Set out exactly every line of the entries below, starting at the line that holds "Table de lit" and stopping after the line that holds "日本MEIJI明治 α-LunA生理期营养补充 牛奶巧克力".

--------------------------------

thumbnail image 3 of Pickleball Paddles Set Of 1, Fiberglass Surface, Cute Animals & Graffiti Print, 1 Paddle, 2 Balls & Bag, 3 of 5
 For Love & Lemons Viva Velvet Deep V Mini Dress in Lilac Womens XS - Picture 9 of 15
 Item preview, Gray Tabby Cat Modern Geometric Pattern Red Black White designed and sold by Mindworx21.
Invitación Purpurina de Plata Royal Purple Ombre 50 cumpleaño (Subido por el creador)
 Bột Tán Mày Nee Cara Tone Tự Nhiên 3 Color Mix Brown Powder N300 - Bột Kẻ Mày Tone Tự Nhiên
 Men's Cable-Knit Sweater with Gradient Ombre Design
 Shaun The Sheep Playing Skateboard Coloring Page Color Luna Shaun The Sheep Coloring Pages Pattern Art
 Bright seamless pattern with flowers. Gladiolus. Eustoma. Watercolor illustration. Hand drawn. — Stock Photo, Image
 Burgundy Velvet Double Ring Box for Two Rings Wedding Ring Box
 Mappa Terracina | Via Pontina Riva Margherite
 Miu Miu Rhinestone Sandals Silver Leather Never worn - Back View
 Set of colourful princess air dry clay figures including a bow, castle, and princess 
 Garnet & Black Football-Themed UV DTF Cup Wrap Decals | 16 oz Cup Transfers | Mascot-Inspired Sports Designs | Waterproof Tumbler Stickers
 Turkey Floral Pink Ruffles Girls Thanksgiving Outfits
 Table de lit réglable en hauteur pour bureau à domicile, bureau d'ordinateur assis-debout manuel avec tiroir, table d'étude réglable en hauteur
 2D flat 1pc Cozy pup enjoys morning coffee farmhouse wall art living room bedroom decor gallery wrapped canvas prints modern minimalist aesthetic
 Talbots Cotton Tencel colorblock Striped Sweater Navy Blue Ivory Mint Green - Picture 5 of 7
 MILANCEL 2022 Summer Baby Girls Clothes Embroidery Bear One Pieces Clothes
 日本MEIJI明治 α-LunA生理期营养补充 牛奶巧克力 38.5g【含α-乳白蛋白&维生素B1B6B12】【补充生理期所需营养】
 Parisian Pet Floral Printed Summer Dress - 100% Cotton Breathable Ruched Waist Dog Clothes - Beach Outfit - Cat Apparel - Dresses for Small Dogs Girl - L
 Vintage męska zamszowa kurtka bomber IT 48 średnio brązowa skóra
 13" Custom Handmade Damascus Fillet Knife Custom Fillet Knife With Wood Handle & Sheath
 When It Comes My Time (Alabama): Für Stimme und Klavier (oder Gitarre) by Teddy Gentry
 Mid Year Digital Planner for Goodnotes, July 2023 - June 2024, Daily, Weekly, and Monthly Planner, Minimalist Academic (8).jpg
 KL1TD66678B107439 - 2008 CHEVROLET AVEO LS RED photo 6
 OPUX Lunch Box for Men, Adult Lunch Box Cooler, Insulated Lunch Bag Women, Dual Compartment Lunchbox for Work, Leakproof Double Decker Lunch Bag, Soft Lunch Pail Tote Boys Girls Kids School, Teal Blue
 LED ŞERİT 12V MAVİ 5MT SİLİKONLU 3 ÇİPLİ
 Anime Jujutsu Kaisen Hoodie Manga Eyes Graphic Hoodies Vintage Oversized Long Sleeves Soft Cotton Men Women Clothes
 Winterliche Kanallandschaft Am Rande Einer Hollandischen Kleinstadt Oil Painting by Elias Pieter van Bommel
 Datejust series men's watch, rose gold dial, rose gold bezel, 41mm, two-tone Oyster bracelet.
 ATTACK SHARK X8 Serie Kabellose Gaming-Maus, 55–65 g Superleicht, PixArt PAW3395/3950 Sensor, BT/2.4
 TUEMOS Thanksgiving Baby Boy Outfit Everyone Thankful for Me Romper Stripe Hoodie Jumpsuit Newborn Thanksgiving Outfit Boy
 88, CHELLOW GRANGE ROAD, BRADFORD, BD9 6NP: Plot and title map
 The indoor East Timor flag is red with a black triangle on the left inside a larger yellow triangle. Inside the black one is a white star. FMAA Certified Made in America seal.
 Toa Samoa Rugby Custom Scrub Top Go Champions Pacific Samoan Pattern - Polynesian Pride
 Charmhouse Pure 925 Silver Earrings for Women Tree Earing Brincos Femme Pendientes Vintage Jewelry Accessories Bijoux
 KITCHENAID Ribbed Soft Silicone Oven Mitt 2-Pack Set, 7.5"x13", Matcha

--------------------------------

→ Solution to this exercise:
 Table de lit réglable en hauteur pour bureau à domicile, bureau d'ordinateur assis-debout manuel avec tiroir, table d'étude réglable en hauteur
 2D flat 1pc Cozy pup enjoys morning coffee farmhouse wall art living room bedroom decor gallery wrapped canvas prints modern minimalist aesthetic
 Talbots Cotton Tencel colorblock Striped Sweater Navy Blue Ivory Mint Green - Picture 5 of 7
 MILANCEL 2022 Summer Baby Girls Clothes Embroidery Bear One Pieces Clothes
 日本MEIJI明治 α-LunA生理期营养补充 牛奶巧克力 38.5g【含α-乳白蛋白&维生素B1B6B12】【补充生理期所需营养】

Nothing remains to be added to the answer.